I have recently discovered the wonders of the smoothie. (Yes, I realize I'm a bit late in the game...) You get your fruit, protein, whole grain, and fiber all whirled together in a deliciously cold drink; best of all, this happens in less than five minutes. Yes please! Currently my favorite creation consists of frozen banana, strawberries, Greek yogurt, milk, and rolled oats (Yes, oats!) With the sweet flavor of strawberry-banana combined with satiating protein and fiber, this smoothie is the perfect fuel to get you through your morning, especially as the hot summer months creep in.

What is your favorite grab and go breakfast?
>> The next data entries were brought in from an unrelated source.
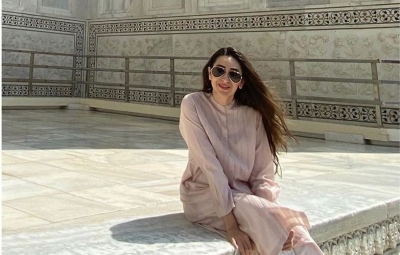 Actress Karisma Kapoor on Sunday shared a few photographs of her visit to the Taj Mahal in Agra.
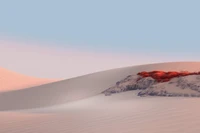 Rote Dünenlandschaft gegen einen ruhigen Himmel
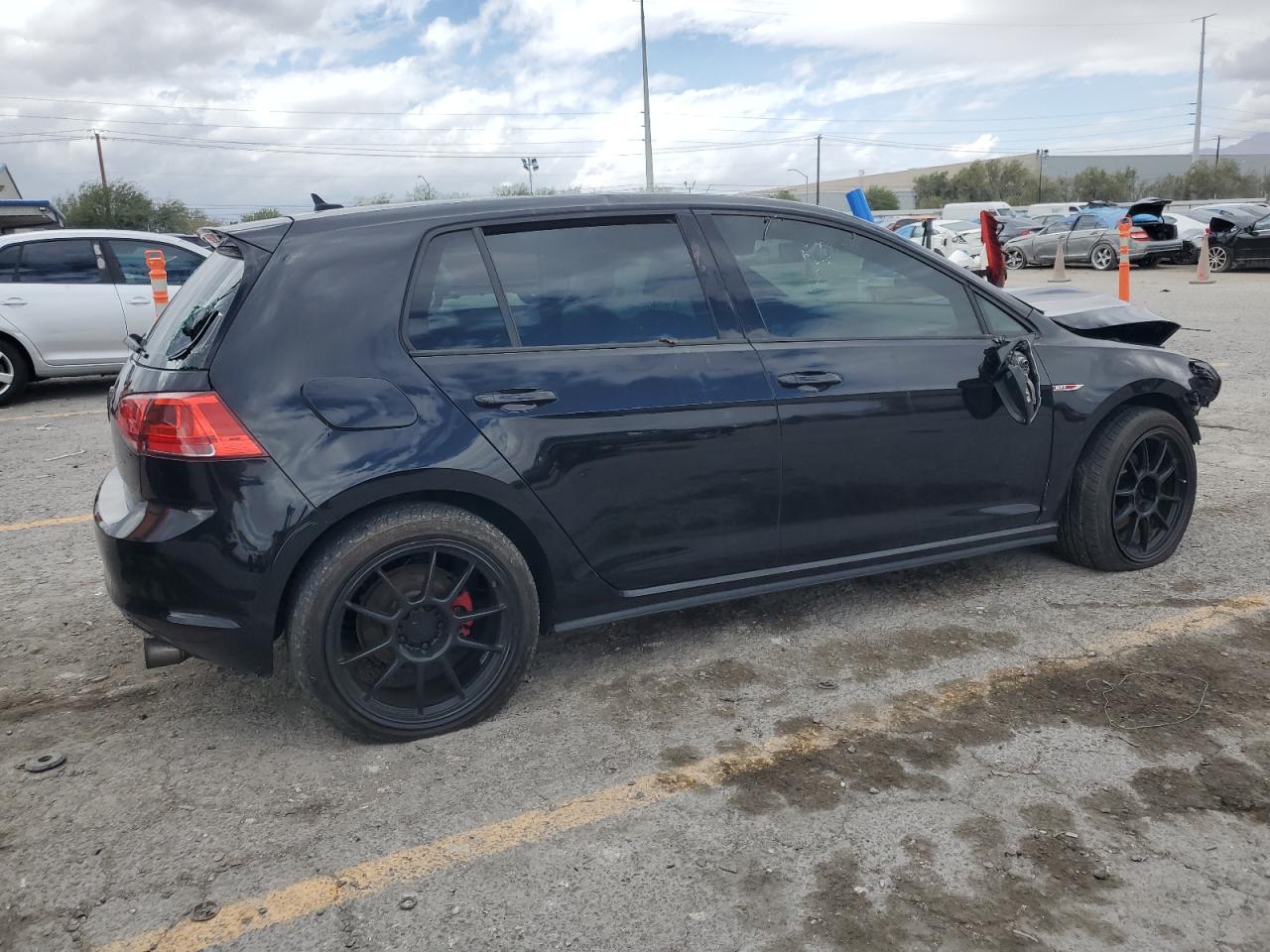 VOLKSWAGEN GOLF GTI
Let me know below!

Strawberry Banana Smoothie
Yields: 1 big or 2 small smoothies
Time: 3 minutes

  • 3/4-1 cup milk of choice, depending on desired thickness (I use 1 cup of vanilla almond milk)
  • 1 5-6 oz. container strawberry Greek yogurt. (You may also use plain, if desired)
    • If you use plain, you may need to add sweetener to taste.
  • 1 tsp. pure vanilla extract
  • 1 cup strawberries - tops removed
  • 1 banana - frozen and broken into chunks (you may also use fresh, but frozen yields a great texture) Also, remember, the riper the banana the sweeter your smoothie!
  • 1/4 cup oats (rolled or quick cooking)
  1. Combine ingredients into a blender in order listed above.
  2. Blend on high until smooth and creamy.
  3. Pour into a tall glass and enjoy!